Coke ovens on the hill on Logtown Road

Annual Report of Indiana State Board of Health 1910 Pg. 62

Ayrshire, Indiana September 16, 1908   Request for condemnation of Ayrshire Schools.

Buildings:  Three one room, frame; two shingle roof, one iron.  The latter the colored school.  Two of the buildings, the white schools, occupy the same lot, one half acre, high, dry, clay soil.  Building in which upper grades are held, should be condemned outright.  The other white school building could be repainted and enlarged to accommodate the upper grades and the colored school should be repainted.  The whole town is dirty and derelict.  Mining is the industry.

White schools:  grades 1, 2, and 3, Ayrshire:  Seats single and double, all sizes; badly scarred.  Ceiling and walls wood, unpainted.  Pupils face south; blackboard on south.  Nine foot ceiling.  Vestibule 10 x8 feet.  Forty five pupils in room.  Each pupil has 13 feet of floor space.  Light space one ninth of floor space.  Open well.  Typhoid fever in schools one year ago.  Blackboards on north end and south sides.

Grades 4, 5,6,7,8, Ayrshire:  Pupils 30; face north.  Seats double, bad.  Ceiled with wood, not painted. Floor bad.  Flue smoky.  Buildings one to two feet from ground.  No Foundation.  Outhouses bad.  All door 3×7 feet.  Each pupil has 20 square feet of floor space.  Light area one ninth of floor area.  General conditions bad.

Colored schools.

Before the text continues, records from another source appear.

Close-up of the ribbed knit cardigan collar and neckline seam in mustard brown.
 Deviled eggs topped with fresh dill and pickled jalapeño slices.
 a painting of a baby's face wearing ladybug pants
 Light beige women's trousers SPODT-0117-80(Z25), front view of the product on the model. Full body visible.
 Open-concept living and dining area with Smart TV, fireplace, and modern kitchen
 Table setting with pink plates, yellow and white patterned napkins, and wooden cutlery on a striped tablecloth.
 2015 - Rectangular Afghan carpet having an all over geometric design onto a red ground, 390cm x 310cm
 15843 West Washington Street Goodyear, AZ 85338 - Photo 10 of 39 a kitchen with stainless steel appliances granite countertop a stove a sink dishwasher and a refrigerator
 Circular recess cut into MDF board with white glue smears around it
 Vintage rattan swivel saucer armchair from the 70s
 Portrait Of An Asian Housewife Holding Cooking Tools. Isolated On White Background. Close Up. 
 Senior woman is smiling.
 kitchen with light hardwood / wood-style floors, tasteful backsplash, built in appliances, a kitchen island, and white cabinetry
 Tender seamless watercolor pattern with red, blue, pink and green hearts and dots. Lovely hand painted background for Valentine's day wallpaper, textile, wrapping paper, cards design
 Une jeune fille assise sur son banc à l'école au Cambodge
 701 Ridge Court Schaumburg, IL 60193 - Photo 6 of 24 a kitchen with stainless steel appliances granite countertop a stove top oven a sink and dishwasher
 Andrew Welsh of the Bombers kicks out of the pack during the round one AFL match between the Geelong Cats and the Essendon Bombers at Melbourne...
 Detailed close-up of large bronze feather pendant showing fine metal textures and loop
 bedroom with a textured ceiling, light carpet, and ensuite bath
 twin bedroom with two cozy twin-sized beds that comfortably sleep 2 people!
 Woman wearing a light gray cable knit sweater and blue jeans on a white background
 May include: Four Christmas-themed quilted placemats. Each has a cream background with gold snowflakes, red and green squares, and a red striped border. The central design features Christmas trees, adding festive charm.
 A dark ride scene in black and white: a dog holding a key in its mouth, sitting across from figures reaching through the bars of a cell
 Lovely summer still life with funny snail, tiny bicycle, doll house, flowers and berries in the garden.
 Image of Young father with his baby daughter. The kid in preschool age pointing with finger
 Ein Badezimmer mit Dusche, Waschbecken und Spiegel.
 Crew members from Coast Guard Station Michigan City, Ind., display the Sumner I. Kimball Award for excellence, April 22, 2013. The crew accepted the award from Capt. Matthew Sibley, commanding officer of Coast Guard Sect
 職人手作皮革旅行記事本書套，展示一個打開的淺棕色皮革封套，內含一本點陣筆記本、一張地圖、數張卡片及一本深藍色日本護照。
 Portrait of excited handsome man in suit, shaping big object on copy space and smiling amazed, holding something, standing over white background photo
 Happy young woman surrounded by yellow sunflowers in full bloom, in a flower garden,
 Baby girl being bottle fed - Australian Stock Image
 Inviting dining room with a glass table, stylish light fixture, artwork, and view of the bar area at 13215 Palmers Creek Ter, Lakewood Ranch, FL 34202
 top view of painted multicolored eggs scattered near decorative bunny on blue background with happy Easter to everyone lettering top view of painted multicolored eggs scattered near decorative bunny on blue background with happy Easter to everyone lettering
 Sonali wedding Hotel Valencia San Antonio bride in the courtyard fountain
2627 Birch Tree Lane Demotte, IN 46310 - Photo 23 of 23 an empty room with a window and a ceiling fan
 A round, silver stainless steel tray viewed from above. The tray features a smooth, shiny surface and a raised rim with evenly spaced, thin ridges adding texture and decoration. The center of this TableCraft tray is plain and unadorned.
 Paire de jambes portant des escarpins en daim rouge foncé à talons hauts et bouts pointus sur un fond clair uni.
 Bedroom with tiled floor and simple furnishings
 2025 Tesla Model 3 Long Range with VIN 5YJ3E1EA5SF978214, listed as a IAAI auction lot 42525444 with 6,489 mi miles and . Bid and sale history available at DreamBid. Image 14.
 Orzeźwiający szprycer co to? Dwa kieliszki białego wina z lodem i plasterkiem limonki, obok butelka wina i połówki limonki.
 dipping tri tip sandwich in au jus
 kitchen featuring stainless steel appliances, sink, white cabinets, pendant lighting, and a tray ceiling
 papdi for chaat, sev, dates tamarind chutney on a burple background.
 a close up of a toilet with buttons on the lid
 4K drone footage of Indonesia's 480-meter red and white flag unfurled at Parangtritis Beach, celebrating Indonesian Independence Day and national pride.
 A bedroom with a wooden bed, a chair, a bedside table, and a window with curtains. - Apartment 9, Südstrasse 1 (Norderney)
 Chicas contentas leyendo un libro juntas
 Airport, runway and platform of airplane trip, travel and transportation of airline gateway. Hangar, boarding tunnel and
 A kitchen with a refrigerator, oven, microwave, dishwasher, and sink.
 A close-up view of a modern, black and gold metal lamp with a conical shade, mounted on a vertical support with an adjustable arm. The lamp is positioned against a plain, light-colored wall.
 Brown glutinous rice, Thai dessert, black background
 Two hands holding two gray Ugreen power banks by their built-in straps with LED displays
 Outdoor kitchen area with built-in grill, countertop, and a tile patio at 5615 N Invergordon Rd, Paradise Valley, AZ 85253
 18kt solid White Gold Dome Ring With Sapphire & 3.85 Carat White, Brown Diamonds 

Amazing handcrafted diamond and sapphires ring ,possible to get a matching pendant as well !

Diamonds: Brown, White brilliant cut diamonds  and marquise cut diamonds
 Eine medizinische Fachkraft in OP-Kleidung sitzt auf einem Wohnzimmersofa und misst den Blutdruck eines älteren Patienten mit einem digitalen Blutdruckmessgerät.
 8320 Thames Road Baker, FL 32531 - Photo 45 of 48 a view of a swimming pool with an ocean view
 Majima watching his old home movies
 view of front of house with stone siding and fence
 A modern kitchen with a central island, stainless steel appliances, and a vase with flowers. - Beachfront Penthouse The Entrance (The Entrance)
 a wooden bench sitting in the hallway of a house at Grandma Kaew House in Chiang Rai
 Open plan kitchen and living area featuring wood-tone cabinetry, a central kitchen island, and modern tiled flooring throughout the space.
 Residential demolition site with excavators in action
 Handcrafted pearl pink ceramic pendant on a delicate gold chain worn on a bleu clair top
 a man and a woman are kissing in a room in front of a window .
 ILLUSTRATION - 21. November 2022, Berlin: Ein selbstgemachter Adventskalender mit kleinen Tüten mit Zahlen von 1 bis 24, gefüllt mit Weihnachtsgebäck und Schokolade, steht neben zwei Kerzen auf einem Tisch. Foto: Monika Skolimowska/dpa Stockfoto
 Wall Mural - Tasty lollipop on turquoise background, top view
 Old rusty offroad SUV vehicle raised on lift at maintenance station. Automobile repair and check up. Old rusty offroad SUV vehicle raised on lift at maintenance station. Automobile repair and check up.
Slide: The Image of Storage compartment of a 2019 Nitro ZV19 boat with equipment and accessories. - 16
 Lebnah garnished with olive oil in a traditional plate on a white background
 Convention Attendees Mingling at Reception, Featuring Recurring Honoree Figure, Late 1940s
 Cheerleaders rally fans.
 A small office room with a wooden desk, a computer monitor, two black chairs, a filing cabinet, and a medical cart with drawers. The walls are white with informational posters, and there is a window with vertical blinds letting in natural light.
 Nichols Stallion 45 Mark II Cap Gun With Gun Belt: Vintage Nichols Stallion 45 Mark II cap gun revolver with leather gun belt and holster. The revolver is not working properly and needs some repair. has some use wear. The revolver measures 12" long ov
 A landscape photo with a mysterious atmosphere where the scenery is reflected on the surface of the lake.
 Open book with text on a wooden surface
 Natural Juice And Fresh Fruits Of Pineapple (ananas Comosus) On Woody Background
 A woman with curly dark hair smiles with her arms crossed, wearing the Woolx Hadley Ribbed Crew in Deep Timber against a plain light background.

Ayrshire:  Pupils, 15, face west.  Board on west.  Tin roof.  No foundation; props; two feet from ground.  No well.  Closets bad.  Ceiling and walls plain boards, unpainted.  Each pupil has 24 square feet floor space.  Light area on fifth floor area.  Seats all sizes, single and double, badly scarred.

These buildings are in keeping with the town. 

Condemnation issued for June 1, 1909.